Best Practices and Performance Considerations (10 min)

Optimizing Container Images

  • Keep images small and lean:

    • Use minimal base images.

    • Remove unnecessary packages and files after installation.

  • Pin package versions:

    • Specify exact versions for all dependencies to ensure consistency.

  • Separate build and runtime stages:

    • Utilize multi-stage builds to compile code in one stage and run it in another, reducing final image size.

Performance Considerations

  • Minimize container startup overhead:

    • Optimize entrypoint scripts and image initialization.

  • Efficient GPU and MPI integration:

    • Ensure that GPU drivers, MPI libraries, and other performance-critical components are correctly mounted and compatible.

  • Adapt for HPC workloads:

    • Recognize that HPC jobs are typically long-running, bulk-synchronous operations rather than short-lived microservices. Adjust design and tuning accordingly.

Security & DevOps in HPC

  • Avoid root access in containers:

    • Run containers as non-root users to enhance security.

  • Integrate with resource managers:

    • Ensure container workflows work seamlessly with HPC schedulers (e.g., Slurm, PBS).

  • Leverage version control and registries:

    • Use Git-based version control and container registries to maintain reproducible images.

  • DevOps Workflow:

    • Develop locally with Docker, then import containers into HPC clusters (e.g., using Apptainer) for production deployments.

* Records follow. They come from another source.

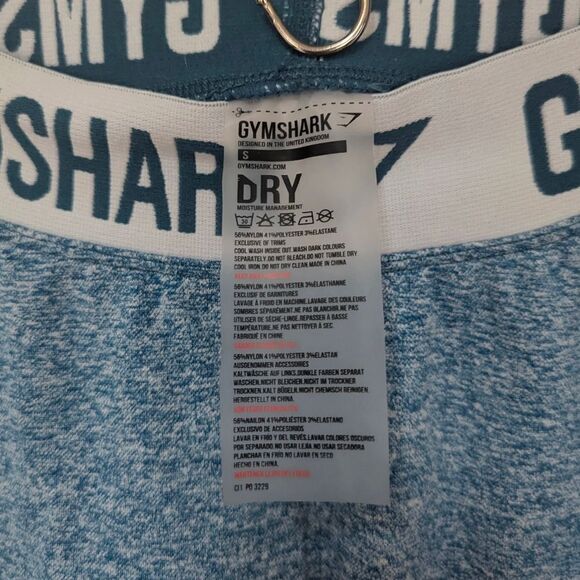 Women’s Gymshark Dry Fit Flex Leggings Teal Ice Blue Color Size S - Picture 6 of 7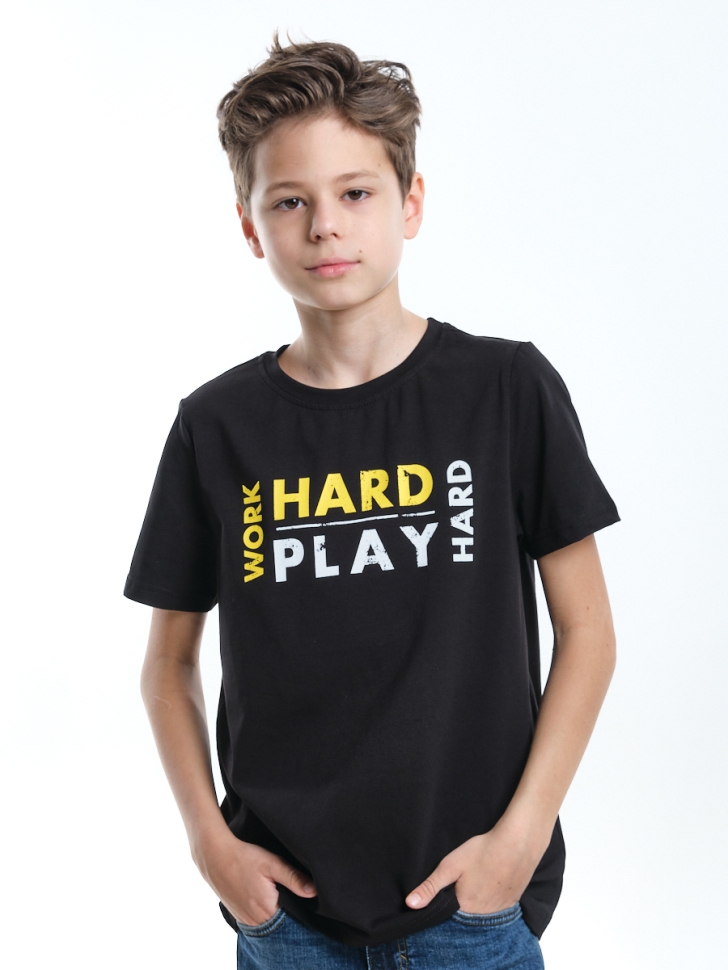 Футболка для мальчиков Mini Maxi, модель 7904, цвет черный - Футболки для мальчиков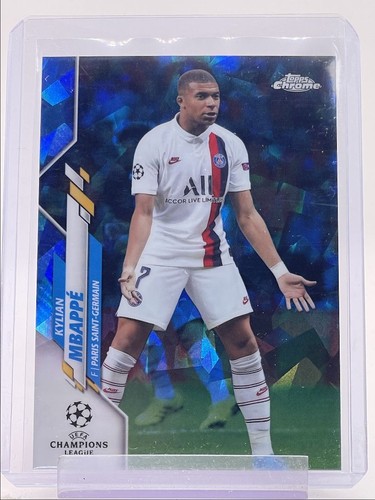 Kylian Mbappé 2019 Topps Chrome Sapphire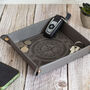 Marine Compass Snap Up Pu Leather Desk Tidy Tray, thumbnail 4 of 6
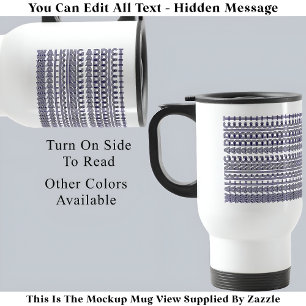 Taza De Viaje Adicto a caminar Mensaje oculto divertido regalo 1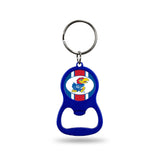 Wholesale NCAA Kansas Jayhawks Metal Keychain - Beverage Bottle Opener With Key Ring - Pocket Size By Rico Industries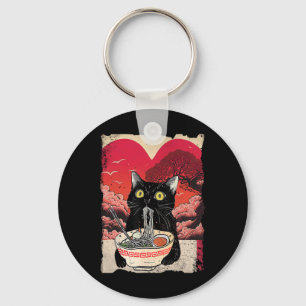 Kawaii-Katze isst Ramen-Nudeln Ramen ist mein Vale Schlüsselanhänger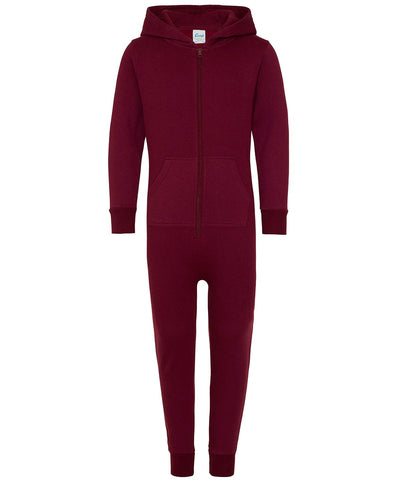 Burgundy - Kids all-in-one Onesies Comfy Co Gifting, Junior, Lounge & Underwear, Must Haves, Sale, Winter Essentials Schoolwear Centres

General HPC Container Gotchas

  • Containers run as the user, not root.

  • Images are typically mounted read-only.

    • However, directories such as Home, Scratch, or Lustre are usually available.

  • Some volume mount locations may be disallowed.

  • Volumes currently cannot be mounted over each other.

Best Practices

  • Automate the Build Process:

    • Build container images using scripts rather than manually entering commands to ensure repeatability and reduce human error.

  • Use Trusted Base Images:

    • Start from reliable, well-maintained images.

    • For instance, if you need to build from source:

      RUN git clone https://github.com/foo/bar.git
RUN cd bar && git checkout 4e3c9cc && make install

  • Order Matters – Leverage the Build Cache:

    • Organize your Dockerfile instructions to maximize caching and speed up iterative builds.

  • Multi-Stage Builds (Available since Docker 17.05):

    • Use multi-stage builds to separate the build environment from the runtime environment, keeping images small and secure. Example:

      FROM centos:7 as build
RUN yum -y install gcc make
ADD code.c /src/code.c
RUN gcc -o /src/mycode /src/code.c

FROM centos:7 as run
COPY --from=build /src/mycode /usr/bin/mycode

Other Considerations

  • Image Size:

    • Avoid very large images (typically >~5GB) to facilitate easier distribution and faster deployment.

  • Data Management:

    • Keep large application data in shared directories (Home, Scratch, Lustre) and mount them into the container rather than embedding them.

  • Rapid Prototyping:

    • Use volume mounts for rapid prototyping and testing. Once the code stabilizes, consider incorporating these dependencies directly into the image.